Department of Infectious Diseases, Cambridge University Hospitals National Health Service Foundation Trust, Cambridge, United Kingdom.
Clin Infect Dis. 2011 Jun;52(11):1374-83. doi: 10.1093/cid/cir230.
The optimal time to initiate antiretroviral therapy (ART) in human immunodeficiency virus (HIV)-associated tuberculous meningitis is unknown.
We conducted a randomized, double-blind, placebo-controlled trial of immediate versus deferred ART in patients with HIV-associated tuberculous meningitis to determine whether immediate ART reduced the risk of death. Antiretroviral drugs (zidovudine, lamivudine, and efavirenz) were started either at study entry or 2 months after randomization. All patients were treated with standard antituberculosis treatment, adjunctive dexamethasone, and prophylactic co-trimoxazole and were followed up for 12 months. We conducted intention-to-treat, per-protocol, and prespecified subgroup analyses.
A total of 253 patients were randomized, 127 in the immediate ART group and 126 in the deferred ART group; 76 and 70 patients died within 9 months in the immediate and deferred ART groups, respectively. Immediate ART was not significantly associated with 9-month mortality (hazard ratio [HR], 1.12; 95% confidence interval [CI], .81-1.55; P = .50) or the time to new AIDS events or death (HR, 1.16; 95% CI, .87-1.55; P = .31). The percentage of patients with severe (grade 3 or 4) adverse events was high in both arms (90% in the immediate ART group and 89% in the deferred ART group; P = .84), but there were significantly more grade 4 adverse events in the immediate ART arm (102 in the immediate ART group vs 87 in the deferred ART group; P = .04).
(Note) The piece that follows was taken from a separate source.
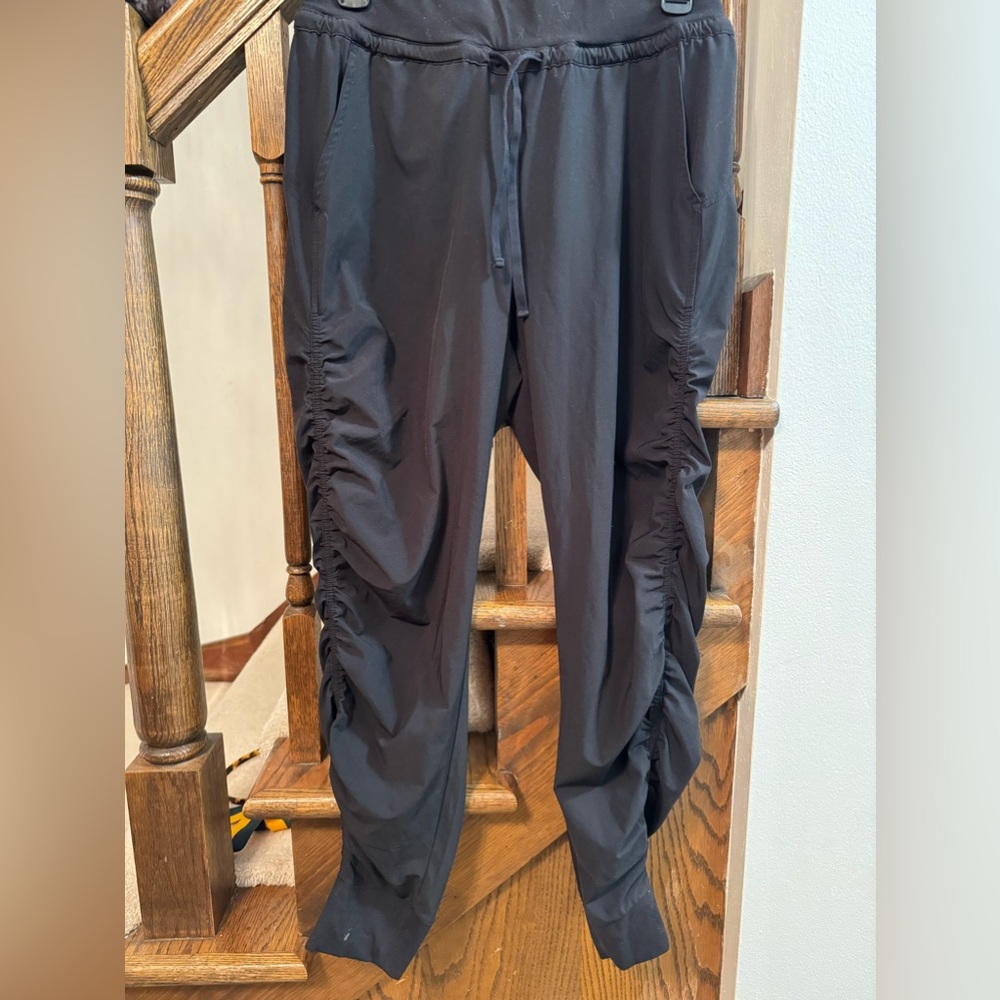 Athleta black joggers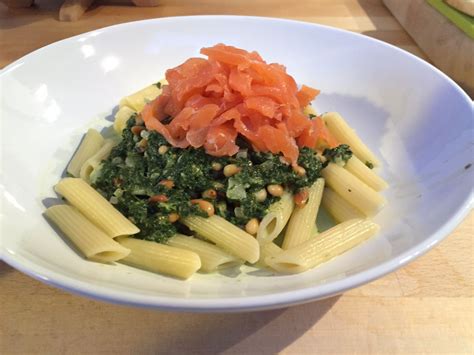 Pasta met spinazie en gerookte zalm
Immediate ART initiation does not improve outcome in patients presenting with HIV-associated tuberculous meningitis. There were significantly more grade 4 adverse events in the immediate ART arm, supporting delayed initiation of ART in HIV-associated tuberculous meningitis. Clinical Trials Registration. ISRCTN63659091.
目前尚不清楚开始抗逆转录病毒治疗(ART)的最佳时间是在人类免疫缺陷病毒(HIV)相关结核性脑膜炎患者中。
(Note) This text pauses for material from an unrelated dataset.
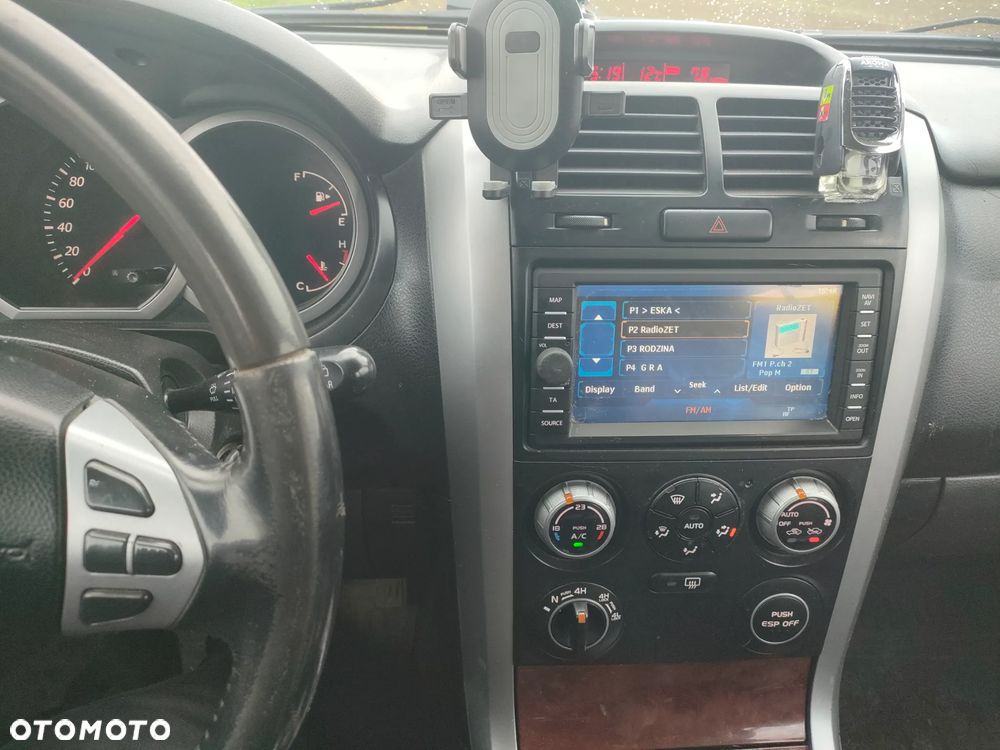 Suzuki Grand Vitara 1.9 DDiS Comfort DPF Limited - 29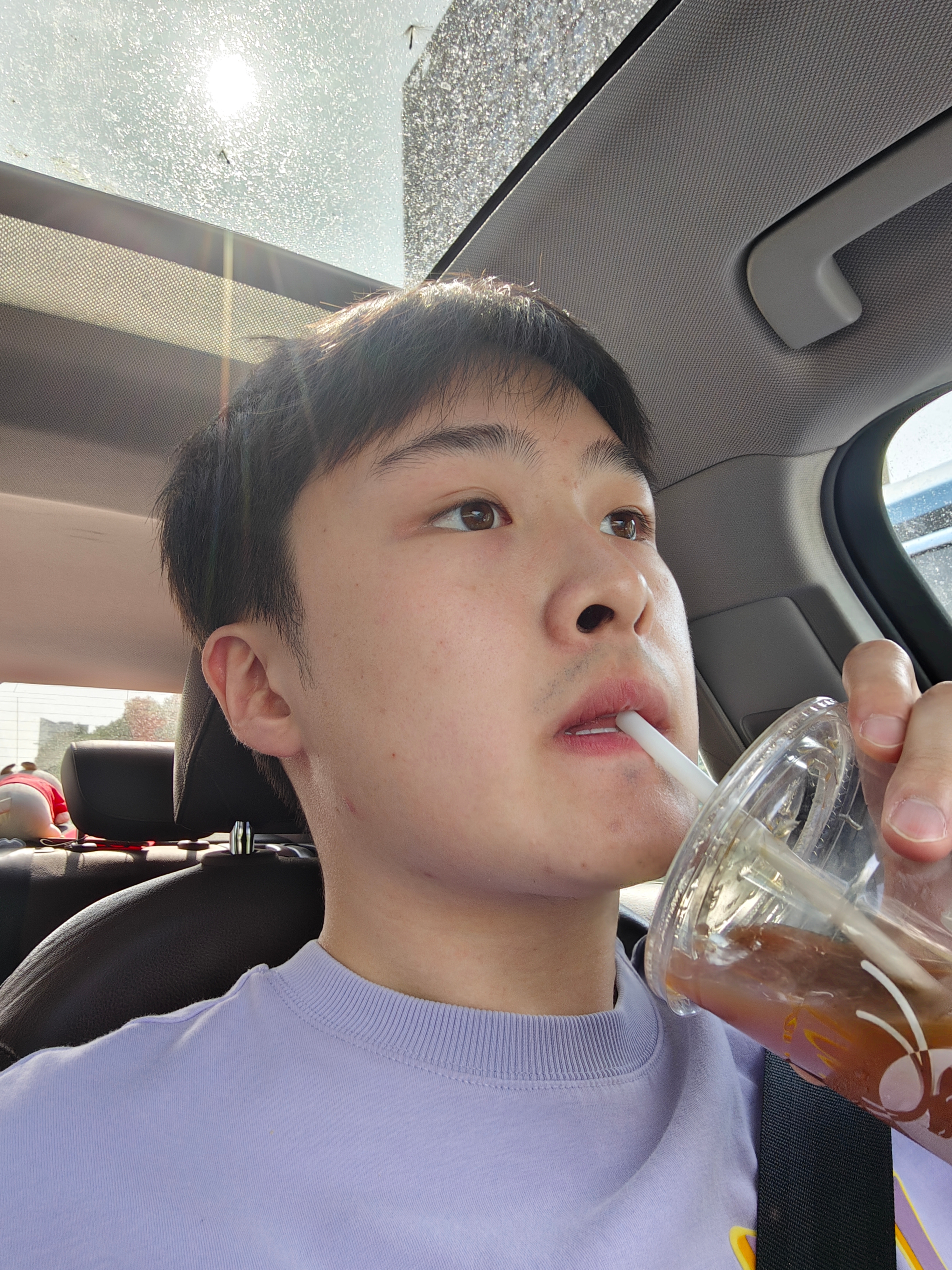 之前有朋友说你这个胡子怎么剃不干净，主要是我之前用的某剃须刀真的很弱，也是大多数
我们进行了一项随机、双盲、安慰剂对照试验,比较了 HIV 相关结核性脑膜炎患者中立即开始与延迟开始 ART 的效果,以确定立即开始 ART 是否可以降低死亡率。抗逆转录病毒药物(齐多夫定、拉米夫定和依非韦伦)在研究入组时或随机分组后 2 个月开始使用。所有患者均接受标准抗结核治疗、辅助地塞米松治疗以及预防性复方磺胺甲噁唑治疗,并随访 12 个月。我们进行了意向治疗、符合方案和预先指定的亚组分析。
共有 253 名患者被随机分配,其中 127 名患者分入立即 ART 组,126 名患者分入延迟 ART 组;在 9 个月内,立即 ART 组和延迟 ART 组分别有 76 名和 70 名患者死亡。立即开始 ART 与 9 个月时的死亡率(危险比[HR],1.12;95%置信区间[CI],0.81-1.55;P=0.50)或新发艾滋病事件或死亡时间(HR,1.16;95%CI,0.87-1.55;P=0.31)均无显著相关性。两组严重不良事件(3 级或 4 级)的发生率均较高(立即 ART 组为 90%,延迟 ART 组为 89%;P=0.84),但立即 ART 组的 4 级不良事件明显更多(立即 ART 组 102 例,延迟 ART 组 87 例;P=0.04)。
对于出现 HIV 相关结核性脑膜炎的患者,立即开始 ART 并不能改善其结局。立即 ART 组的 4 级不良事件明显更多,这支持在 HIV 相关结核性脑膜炎中延迟开始 ART。临床试验注册。ISRCTN63659091。